18. Judgment Currency. If for the purposes of obtaining judgment in any court it is necessary to convert a sum due hereunder into any currency other than United States dollars, the parties hereto agree, to the fullest extent permitted by law, that the rate of exchange used shall be the rate at which in accordance with normal banking procedures the Underwriters could purchase United States dollars with such other currency in The City of New York on the business day preceding that on which final judgment is given. The obligation of the Company with respect to any sum due from it to the Underwriters or any person controlling the Underwriters shall, notwithstanding any judgment in a currency other than United States dollars, not be discharged until the first business day following receipt by the Underwriters or controlling person of any sum in such other currency, and only to the extent that the Underwriters or controlling person may in accordance with normal banking procedures purchase United States dollars with such other currency. If the United States dollars so purchased are less than the sum originally due to the Underwriters or controlling person hereunder, the Company agrees as a separate obligation and notwithstanding any such judgment, to indemnify the Underwriters or controlling person against such loss. If the United States dollars so purchased are greater than the sum originally due to the Underwriters or controlling person hereunder, the Underwriters or controlling person agrees to pay to the Company an amount equal to the excess of the dollars so purchased over the sum originally due to the Underwriters or controlling person hereunder.

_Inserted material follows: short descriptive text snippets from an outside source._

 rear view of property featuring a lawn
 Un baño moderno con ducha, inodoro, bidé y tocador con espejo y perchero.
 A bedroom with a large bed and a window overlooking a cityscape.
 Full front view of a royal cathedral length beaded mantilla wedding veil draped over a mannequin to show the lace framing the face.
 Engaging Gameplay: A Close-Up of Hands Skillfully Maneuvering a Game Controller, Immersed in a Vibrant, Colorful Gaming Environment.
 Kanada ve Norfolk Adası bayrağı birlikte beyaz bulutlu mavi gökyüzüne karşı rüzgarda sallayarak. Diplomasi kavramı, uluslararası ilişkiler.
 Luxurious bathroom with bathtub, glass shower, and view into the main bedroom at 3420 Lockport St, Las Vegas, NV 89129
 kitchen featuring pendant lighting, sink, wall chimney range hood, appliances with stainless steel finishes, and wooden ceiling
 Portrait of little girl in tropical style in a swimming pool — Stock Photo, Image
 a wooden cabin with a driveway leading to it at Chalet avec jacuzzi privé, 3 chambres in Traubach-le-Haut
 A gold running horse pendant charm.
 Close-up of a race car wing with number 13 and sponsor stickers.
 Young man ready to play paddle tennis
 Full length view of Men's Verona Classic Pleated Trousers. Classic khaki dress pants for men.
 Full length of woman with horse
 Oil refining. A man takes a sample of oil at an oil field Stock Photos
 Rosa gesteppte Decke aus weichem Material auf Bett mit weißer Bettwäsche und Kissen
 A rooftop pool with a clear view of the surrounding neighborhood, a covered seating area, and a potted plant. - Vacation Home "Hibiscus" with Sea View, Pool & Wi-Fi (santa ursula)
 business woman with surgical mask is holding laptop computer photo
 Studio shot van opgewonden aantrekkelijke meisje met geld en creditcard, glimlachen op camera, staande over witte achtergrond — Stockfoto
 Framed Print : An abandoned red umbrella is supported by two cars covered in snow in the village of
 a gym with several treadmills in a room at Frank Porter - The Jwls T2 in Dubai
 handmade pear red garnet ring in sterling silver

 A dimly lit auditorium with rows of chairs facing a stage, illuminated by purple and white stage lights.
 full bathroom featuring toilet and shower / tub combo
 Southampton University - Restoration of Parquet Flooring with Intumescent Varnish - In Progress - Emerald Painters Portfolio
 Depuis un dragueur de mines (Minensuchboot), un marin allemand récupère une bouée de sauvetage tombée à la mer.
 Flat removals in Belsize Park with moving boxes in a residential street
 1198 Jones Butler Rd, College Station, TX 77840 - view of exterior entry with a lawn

19. Taxes. If any sum payable by the Company under this Agreement is subject to tax in the hands of the Underwriters or taken into account as a receipt in computing the taxable income of the Underwriters (excluding net income taxes on underwriting commissions payable hereunder), the sum payable to the Underwriters under this Agreement shall be increased to such sum as will ensure that the Underwriters shall be left with the sum they would have had in the absence of such tax. The preceding sentence does not include taxes imposed as a result of a failure by the Underwriters to comply with tax certifications reasonably requested by the Company and which the Underwriters were legally able to provide.

 

27


20. Counterparts. This Agreement may be signed in one or more counterparts (which may include counterparts delivered by any standard form of telecommunication), each of which shall constitute an original and all of which together shall constitute one and the same agreement. Delivery of this Agreement by one party to the other may be made by facsimile, electronic mail (including any electronic signature complying with the New York Electronic Signatures and Records Act (N.Y. State Tech. §§ 301-309), as amended from time to time, or other applicable law) or other transmission method, and the parties hereto agree that any counterpart so delivered shall be deemed to have been duly and validly delivered and be valid and effective for all purposes.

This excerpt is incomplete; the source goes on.